§ **Given data**:
◇ ◇ ◇
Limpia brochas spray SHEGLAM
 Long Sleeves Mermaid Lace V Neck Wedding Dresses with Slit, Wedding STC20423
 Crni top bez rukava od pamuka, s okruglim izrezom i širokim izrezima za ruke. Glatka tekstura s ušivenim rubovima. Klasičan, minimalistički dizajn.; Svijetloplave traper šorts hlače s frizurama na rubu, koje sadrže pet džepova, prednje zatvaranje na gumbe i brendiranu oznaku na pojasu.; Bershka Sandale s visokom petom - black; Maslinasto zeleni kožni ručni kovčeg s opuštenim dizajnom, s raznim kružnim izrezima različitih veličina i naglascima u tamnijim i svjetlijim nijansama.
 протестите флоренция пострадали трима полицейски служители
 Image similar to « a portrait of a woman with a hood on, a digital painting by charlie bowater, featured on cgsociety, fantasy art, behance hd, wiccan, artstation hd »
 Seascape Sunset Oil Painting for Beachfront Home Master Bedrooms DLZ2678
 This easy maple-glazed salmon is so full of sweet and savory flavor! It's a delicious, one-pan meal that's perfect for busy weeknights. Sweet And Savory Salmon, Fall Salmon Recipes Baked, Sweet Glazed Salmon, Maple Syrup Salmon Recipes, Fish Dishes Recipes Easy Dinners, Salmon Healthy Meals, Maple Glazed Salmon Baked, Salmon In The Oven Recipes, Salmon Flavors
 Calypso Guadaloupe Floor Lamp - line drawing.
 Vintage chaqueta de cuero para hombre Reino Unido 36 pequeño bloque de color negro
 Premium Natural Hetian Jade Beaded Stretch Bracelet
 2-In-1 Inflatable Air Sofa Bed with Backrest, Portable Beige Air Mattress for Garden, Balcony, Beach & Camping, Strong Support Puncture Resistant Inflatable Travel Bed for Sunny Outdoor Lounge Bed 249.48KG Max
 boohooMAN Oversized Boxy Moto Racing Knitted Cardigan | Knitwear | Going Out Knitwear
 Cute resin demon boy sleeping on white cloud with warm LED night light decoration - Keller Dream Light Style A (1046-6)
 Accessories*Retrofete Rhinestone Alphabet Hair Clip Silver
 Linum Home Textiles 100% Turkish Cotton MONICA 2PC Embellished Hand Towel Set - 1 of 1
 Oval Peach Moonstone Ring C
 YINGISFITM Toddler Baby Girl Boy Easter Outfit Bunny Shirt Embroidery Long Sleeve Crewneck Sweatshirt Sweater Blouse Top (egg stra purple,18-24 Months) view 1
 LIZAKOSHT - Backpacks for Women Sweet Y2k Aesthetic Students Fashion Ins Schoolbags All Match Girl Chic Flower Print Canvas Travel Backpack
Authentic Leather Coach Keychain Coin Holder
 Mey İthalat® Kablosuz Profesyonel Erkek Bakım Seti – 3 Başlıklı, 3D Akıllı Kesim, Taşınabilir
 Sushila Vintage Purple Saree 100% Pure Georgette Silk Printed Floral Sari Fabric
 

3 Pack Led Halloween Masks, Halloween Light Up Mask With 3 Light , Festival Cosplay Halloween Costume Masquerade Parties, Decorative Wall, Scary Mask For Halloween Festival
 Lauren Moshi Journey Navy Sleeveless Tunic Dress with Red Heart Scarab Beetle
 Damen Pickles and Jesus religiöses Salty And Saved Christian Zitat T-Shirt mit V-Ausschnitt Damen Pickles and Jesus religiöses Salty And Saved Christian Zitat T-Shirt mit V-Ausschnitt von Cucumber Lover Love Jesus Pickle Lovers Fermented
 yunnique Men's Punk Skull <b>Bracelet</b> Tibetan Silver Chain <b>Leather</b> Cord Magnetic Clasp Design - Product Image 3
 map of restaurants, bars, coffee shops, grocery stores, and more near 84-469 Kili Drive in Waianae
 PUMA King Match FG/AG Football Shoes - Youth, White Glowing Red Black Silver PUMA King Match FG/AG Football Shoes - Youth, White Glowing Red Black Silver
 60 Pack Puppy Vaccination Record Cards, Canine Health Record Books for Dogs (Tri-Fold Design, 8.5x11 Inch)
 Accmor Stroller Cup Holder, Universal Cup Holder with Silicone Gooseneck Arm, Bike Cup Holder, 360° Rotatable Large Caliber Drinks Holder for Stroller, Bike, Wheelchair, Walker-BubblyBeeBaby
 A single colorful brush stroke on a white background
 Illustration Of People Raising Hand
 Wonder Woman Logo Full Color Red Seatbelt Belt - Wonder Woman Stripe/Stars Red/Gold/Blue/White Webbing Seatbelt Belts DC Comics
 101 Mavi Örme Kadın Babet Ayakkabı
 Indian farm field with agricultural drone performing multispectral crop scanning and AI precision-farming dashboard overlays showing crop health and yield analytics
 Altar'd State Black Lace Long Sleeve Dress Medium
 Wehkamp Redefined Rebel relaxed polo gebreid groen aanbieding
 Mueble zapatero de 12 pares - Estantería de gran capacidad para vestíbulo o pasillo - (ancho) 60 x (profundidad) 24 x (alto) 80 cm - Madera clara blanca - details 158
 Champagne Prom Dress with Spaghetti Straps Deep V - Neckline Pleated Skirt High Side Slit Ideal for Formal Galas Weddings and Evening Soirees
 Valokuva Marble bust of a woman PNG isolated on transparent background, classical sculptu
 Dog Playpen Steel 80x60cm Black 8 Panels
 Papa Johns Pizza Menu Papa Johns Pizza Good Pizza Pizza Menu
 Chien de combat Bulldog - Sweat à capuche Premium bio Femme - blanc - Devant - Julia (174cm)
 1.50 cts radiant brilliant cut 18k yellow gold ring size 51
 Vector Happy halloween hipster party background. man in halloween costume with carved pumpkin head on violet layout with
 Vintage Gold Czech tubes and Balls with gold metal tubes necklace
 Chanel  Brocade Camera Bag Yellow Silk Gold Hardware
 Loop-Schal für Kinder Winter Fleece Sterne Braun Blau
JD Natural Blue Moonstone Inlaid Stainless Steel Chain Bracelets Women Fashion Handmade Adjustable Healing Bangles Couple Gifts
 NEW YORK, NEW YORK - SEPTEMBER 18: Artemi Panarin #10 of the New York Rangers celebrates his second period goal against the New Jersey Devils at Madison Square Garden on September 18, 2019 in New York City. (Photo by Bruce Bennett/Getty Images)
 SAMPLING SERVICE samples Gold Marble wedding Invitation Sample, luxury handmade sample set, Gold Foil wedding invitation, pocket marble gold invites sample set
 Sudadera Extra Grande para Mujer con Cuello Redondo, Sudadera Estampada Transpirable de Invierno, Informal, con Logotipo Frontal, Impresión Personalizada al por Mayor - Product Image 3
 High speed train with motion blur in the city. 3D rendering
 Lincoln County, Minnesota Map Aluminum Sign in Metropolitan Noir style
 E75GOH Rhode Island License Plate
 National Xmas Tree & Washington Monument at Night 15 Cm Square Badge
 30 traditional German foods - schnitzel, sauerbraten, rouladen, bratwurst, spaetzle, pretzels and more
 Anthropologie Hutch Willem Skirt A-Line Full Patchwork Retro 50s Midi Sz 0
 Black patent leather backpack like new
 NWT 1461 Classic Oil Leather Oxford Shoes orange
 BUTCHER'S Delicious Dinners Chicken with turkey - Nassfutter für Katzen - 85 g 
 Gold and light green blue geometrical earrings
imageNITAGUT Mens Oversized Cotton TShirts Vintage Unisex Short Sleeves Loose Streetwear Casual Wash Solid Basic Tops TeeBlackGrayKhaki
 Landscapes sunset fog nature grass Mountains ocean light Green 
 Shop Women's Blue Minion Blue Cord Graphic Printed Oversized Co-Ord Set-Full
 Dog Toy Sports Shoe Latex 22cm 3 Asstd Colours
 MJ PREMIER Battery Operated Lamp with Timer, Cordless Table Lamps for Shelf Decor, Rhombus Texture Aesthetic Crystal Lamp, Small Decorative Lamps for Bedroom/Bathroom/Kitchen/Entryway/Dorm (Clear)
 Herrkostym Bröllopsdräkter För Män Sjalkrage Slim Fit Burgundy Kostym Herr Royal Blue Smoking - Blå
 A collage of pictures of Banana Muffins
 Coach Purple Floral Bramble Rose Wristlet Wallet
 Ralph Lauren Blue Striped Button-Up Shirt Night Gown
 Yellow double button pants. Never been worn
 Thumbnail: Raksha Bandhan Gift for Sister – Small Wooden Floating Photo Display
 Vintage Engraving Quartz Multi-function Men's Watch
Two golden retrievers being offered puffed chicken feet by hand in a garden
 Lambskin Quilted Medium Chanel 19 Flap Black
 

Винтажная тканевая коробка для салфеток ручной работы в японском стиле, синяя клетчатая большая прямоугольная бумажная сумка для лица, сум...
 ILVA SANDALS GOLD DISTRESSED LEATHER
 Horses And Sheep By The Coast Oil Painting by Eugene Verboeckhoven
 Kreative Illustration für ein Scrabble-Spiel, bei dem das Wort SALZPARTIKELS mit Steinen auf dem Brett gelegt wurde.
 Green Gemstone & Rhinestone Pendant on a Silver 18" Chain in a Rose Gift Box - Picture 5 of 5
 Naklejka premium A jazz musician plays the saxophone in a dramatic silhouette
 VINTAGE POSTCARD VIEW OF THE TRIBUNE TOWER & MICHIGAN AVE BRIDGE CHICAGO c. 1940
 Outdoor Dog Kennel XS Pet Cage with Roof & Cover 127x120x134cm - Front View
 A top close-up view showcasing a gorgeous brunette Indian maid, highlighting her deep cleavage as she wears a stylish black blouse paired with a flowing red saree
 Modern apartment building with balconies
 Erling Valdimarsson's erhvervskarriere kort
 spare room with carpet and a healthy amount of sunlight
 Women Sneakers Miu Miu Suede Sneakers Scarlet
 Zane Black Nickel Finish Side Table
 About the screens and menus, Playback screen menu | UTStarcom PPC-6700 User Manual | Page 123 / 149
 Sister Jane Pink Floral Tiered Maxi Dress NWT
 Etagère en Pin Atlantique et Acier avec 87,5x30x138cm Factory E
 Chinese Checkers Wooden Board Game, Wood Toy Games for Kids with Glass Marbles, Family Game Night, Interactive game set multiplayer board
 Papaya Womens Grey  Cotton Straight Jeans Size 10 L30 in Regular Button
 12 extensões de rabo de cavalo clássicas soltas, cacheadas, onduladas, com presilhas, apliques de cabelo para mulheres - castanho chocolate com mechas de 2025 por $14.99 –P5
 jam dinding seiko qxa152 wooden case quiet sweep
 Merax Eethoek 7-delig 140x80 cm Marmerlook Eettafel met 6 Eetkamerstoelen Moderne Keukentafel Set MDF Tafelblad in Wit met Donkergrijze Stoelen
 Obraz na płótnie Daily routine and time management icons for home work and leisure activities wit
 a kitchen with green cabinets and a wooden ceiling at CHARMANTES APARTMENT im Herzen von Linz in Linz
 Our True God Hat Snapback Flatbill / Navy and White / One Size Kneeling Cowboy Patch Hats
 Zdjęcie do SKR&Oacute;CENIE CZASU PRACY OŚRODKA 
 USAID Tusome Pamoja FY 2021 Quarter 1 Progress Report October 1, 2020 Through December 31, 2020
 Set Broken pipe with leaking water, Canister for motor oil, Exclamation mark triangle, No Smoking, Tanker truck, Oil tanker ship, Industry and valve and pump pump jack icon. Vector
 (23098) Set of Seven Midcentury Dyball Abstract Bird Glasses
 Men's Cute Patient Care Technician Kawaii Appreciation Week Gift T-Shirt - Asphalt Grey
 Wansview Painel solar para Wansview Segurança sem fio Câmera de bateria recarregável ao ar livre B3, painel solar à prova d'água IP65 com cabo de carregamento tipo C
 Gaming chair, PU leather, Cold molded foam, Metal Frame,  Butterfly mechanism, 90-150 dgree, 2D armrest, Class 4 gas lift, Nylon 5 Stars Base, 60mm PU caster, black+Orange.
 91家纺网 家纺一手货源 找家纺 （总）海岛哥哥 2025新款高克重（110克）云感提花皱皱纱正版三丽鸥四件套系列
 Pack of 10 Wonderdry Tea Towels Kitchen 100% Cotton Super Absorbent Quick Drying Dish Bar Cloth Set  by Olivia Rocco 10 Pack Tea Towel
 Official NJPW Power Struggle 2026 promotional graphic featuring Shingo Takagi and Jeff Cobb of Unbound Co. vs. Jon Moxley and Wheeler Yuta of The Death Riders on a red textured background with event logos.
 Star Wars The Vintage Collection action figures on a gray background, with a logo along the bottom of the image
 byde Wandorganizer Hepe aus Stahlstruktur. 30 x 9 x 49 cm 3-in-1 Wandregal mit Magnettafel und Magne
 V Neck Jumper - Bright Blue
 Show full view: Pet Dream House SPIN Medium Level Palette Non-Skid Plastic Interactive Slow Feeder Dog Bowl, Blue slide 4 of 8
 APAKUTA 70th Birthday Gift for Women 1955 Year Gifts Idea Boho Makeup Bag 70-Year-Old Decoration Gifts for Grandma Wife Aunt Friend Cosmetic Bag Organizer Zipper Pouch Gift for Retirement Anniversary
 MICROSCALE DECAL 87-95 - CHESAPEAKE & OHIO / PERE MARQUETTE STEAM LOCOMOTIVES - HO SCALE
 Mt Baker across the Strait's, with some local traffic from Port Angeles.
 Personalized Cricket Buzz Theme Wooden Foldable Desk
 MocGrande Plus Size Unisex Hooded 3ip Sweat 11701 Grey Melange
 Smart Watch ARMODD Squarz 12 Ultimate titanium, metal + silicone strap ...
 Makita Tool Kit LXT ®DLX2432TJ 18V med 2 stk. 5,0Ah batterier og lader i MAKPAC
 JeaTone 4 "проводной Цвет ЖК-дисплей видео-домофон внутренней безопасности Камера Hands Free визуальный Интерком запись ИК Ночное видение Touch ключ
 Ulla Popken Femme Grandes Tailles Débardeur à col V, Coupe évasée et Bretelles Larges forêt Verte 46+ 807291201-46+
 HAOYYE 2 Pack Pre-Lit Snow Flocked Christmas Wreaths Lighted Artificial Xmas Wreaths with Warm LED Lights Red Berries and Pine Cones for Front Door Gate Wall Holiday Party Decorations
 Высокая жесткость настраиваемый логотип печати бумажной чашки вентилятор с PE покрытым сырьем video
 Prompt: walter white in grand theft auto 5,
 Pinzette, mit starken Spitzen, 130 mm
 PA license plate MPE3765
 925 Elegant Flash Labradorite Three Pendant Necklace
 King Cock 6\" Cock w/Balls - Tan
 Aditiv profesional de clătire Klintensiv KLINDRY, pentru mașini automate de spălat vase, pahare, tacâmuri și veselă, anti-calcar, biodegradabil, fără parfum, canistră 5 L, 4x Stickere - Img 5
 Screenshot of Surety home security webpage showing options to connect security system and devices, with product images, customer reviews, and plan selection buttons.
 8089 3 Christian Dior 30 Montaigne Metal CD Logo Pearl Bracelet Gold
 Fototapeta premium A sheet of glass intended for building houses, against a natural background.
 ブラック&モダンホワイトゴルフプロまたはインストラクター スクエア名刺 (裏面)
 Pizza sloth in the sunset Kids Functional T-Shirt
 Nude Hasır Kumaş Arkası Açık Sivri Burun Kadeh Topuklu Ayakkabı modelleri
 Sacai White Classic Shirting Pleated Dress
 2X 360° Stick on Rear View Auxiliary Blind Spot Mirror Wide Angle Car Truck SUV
◇ ◇ ◇
§ **Task**: Once a line of the records is found to contain "building", copy it out.

§ **Your solution**:
 Modern apartment building with balconies
 Fototapeta premium A sheet of glass intended for building houses, against a natural background.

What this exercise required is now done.